= TRY IT =
Your answer should consist only of the lines below from the one with "Ryan Handbag" through the one with "Funda Proel para", copied exactly.

(Items from a data source)
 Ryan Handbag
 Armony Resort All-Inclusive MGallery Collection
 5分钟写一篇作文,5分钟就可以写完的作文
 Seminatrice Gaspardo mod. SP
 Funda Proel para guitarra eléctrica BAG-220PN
==
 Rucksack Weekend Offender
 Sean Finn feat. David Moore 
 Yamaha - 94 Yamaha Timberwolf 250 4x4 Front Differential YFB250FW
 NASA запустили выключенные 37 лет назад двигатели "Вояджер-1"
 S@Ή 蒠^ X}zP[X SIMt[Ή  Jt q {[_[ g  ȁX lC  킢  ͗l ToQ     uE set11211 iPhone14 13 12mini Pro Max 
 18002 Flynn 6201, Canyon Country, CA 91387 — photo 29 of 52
---
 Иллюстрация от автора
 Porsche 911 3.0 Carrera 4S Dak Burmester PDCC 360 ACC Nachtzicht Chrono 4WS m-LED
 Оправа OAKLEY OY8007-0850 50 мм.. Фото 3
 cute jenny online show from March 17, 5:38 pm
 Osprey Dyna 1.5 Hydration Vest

= RESPONSE TO THIS TASK =
 Ryan Handbag
 Armony Resort All-Inclusive MGallery Collection
 5分钟写一篇作文,5分钟就可以写完的作文
 Seminatrice Gaspardo mod. SP
 Funda Proel para guitarra eléctrica BAG-220PN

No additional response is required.